§ **BRIEF**:
Exact transcription of the records is required.

§ **Items listed in a dataset**:
+++++

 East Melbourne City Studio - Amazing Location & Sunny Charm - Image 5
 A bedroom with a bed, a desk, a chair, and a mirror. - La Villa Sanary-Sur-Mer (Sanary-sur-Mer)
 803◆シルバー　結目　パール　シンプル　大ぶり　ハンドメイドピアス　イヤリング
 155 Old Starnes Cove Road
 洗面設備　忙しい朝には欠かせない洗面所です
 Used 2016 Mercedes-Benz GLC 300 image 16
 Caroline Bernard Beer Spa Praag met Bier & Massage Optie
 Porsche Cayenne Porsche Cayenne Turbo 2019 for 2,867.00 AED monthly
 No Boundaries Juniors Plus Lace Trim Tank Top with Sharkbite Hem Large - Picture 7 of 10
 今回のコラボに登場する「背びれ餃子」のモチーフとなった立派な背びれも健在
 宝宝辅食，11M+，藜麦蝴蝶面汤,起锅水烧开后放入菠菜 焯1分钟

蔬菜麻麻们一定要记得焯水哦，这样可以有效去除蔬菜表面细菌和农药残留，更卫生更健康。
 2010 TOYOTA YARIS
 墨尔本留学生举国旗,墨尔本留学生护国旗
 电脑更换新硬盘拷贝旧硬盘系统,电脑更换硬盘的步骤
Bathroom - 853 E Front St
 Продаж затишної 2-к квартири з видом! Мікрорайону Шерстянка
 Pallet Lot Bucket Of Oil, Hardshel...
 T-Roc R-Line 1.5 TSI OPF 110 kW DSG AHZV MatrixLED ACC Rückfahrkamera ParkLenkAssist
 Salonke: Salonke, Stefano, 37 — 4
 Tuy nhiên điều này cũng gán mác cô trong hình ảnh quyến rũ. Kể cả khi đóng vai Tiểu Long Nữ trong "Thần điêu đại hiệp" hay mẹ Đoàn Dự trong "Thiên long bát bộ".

+++++

§ **ANSWER TO THIS EXERCISE**:
 East Melbourne City Studio - Amazing Location & Sunny Charm - Image 5
 A bedroom with a bed, a desk, a chair, and a mirror. - La Villa Sanary-Sur-Mer (Sanary-sur-Mer)
 803◆シルバー　結目　パール　シンプル　大ぶり　ハンドメイドピアス　イヤリング
 155 Old Starnes Cove Road
 洗面設備　忙しい朝には欠かせない洗面所です
 Used 2016 Mercedes-Benz GLC 300 image 16
 Caroline Bernard Beer Spa Praag met Bier & Massage Optie
 Porsche Cayenne Porsche Cayenne Turbo 2019 for 2,867.00 AED monthly
 No Boundaries Juniors Plus Lace Trim Tank Top with Sharkbite Hem Large - Picture 7 of 10
 今回のコラボに登場する「背びれ餃子」のモチーフとなった立派な背びれも健在
 宝宝辅食，11M+，藜麦蝴蝶面汤,起锅水烧开后放入菠菜 焯1分钟

蔬菜麻麻们一定要记得焯水哦，这样可以有效去除蔬菜表面细菌和农药残留，更卫生更健康。
 2010 TOYOTA YARIS
 墨尔本留学生举国旗,墨尔本留学生护国旗
 电脑更换新硬盘拷贝旧硬盘系统,电脑更换硬盘的步骤
Bathroom - 853 E Front St
 Продаж затишної 2-к квартири з видом! Мікрорайону Шерстянка
 Pallet Lot Bucket Of Oil, Hardshel...
 T-Roc R-Line 1.5 TSI OPF 110 kW DSG AHZV MatrixLED ACC Rückfahrkamera ParkLenkAssist
 Salonke: Salonke, Stefano, 37 — 4
 Tuy nhiên điều này cũng gán mác cô trong hình ảnh quyến rũ. Kể cả khi đóng vai Tiểu Long Nữ trong "Thần điêu đại hiệp" hay mẹ Đoàn Dự trong "Thiên long bát bộ".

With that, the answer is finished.